Spatial Focal Loss for Pedestrian Detection in Fisheye Imagery
Automated Driving
Spatial Focal Loss for Pedestrian Detection in Fisheye Imagery

TRI Author: Simon Stent

All Authors: Xishuai Peng, YiLu Murphey, Simon Stent, Yuanxiang Li, Zihao Zhao

Objects in the periphery of fisheye images can become extremely distorted. This distortion can cause false positives and missed detections for automated object detection systems. This is problematic, not only for systems which have been trained on perspective images, but also for those that have been explicitly trained on fisheye data. In this paper we propose a new cost function for training object detectors on fisheye images.
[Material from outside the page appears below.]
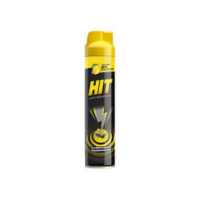 hit lime flying insect killer spray 200 ml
We model fisheye image distortion as an imbalanced domain problem and develop a domain association loss function to approach it with deep learning. We define separate domains based on the level of distortion within the image plane and propose a new objective function, inspired by the recently introduced focal loss for object detection, which we call a spatial focal loss. Our proposed loss incorporates a domain-modulating term which re-weights samples from different domains to encourage the learning of domain-invariant features. We implement spatial focal loss function in the YOLOv2 architecture and evaluate it on the task of pedestrian detection in a fisheye dataset captured by a 360 camera system mounted on a moving vehicle and labeled with over 11,000 pedestrian instances. Our experiments demonstrate that spatial focal loss can improve model performance in the highly distorted image periphery versus existing loss functions, including focal loss, without sacrificing performance in the less distorted image center, with no adaptations to network architectures required. By analyzing the locations of missed detections, we show further evidence that our loss function can improve the learning of domain-invariant features. Read More

Citation: Peng, Xishuai, Yi Murphey, Simon Stent, Yuanxiang Li, and Zihao Zhao. "Spatial focal loss for pedestrian detection in fisheye imagery." In 2019 IEEE Winter Conference on Applications of Computer Vision (WACV), pp. 561-569. IEEE, 2019.